Kuucapkan selamat pada kakak semoga dapat keluar dari sel pertahanan. Jangan nakal lagi ya kak! Bantulah ibu yang tiap hari bekerja keras untuk mencukupi keluarga kita. Untuk ayah. Maaf yah Sasha berbohong. Ini semua kulakukan demi kakak. Saya ikhlas yah! Ayah jangan marah pada bunda, karena jika Sasha meninggalkan kalian bukan salah bunda. Tetapi ini semua takdir Allah SWT. Selamat tinggal bunda, selamat tinggal ayah, selamat tinggal kakak.
Sasha
Aku bingung harus melakukan apa, orang tuaku sudah nmendengar sendiri apa yang di ucapkan pak Tono. Aku berusaha tegar, tetapi tak sanggup. Semua ini terjadi karena kesalahanku. Aku merasa terkutuk akan semua ini.

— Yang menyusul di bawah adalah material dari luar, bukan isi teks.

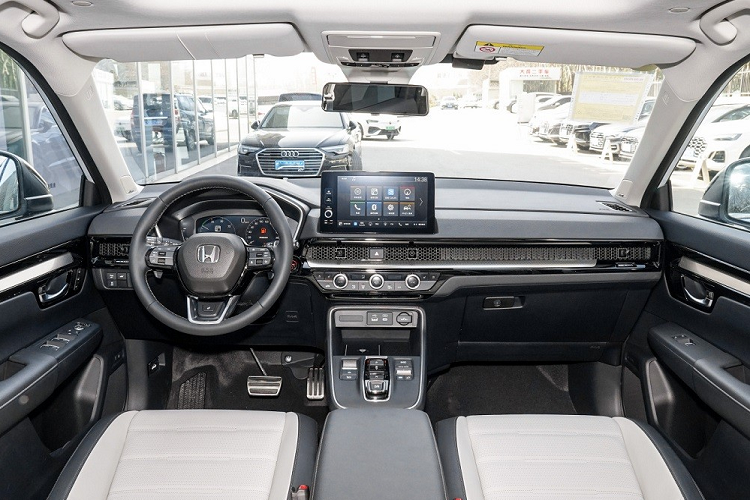 Bên trong Honda CR-V e:PHEV 2023 là không gian nội thất giống với bản thường. Xe cũng có bảng đồng hồ kỹ thuật số với màn hình LCD 10,2 inch... màn hình cảm ứng trung tâm 10,1 inch đặt nổi nhưng chưa hỗ trợ Apple CarPlay và cửa gió điều hòa kéo dài trên mặt táp-lô, trang trí bằng tấm lưới tổ ong.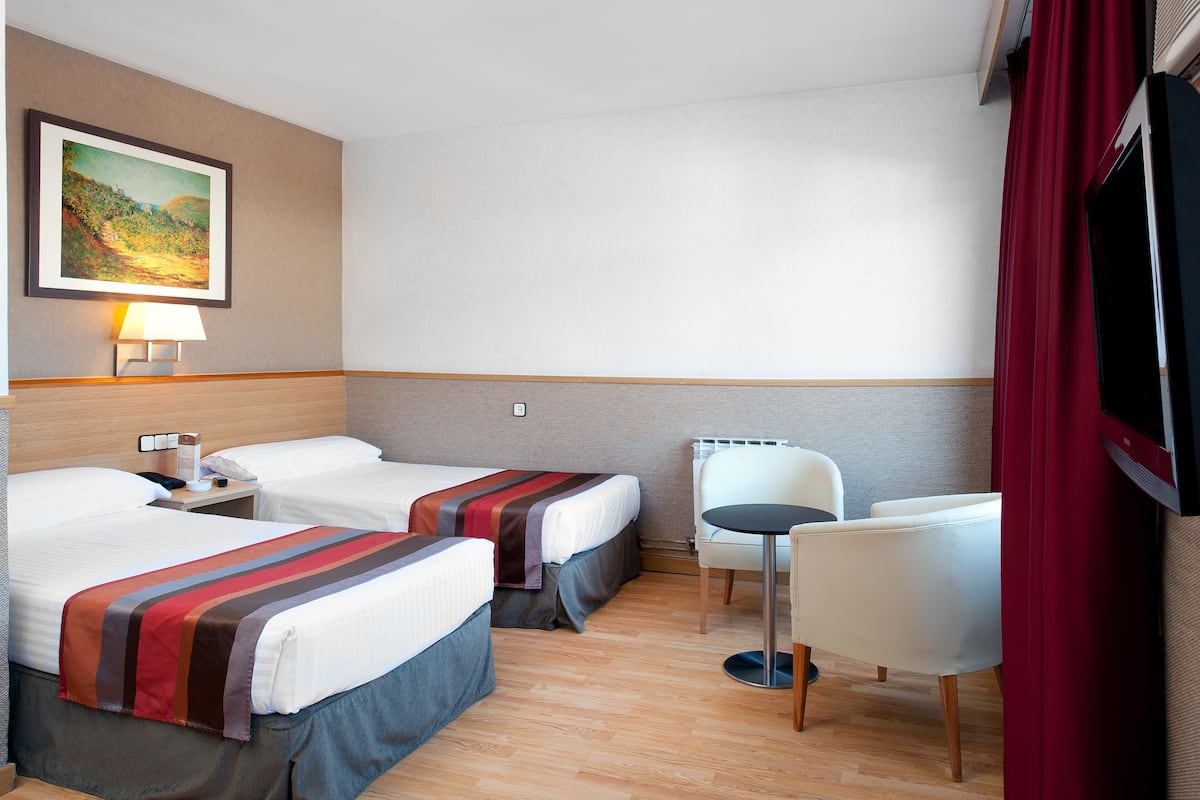 Een hotelkamer met twee bedden, een tafeltje, een stoel, een televisie en een schilderij aan de muur.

setelah semua kejadian itu ayahku jatuh sakit. Dia selalu terbayang – bayang dengan Sasha. Dalam diam dia selalu menyebut nama Sasha. Ibuku yang masih sehat berusaha untuk menenangkan hatinya dan berdo’a kepada Allah SWT supaya ayah diberi kesembuhan. Aku tak ingin kehilangan mereka setelah meninggalnya adikku. Aku bekerja keras untuk membiayai mereka. Sekarang tulang punggung keluarga ada ditanganku. Selamat jalan Sasha. Semoga kau tenang di alam sana. Aku selalu menyayangimu.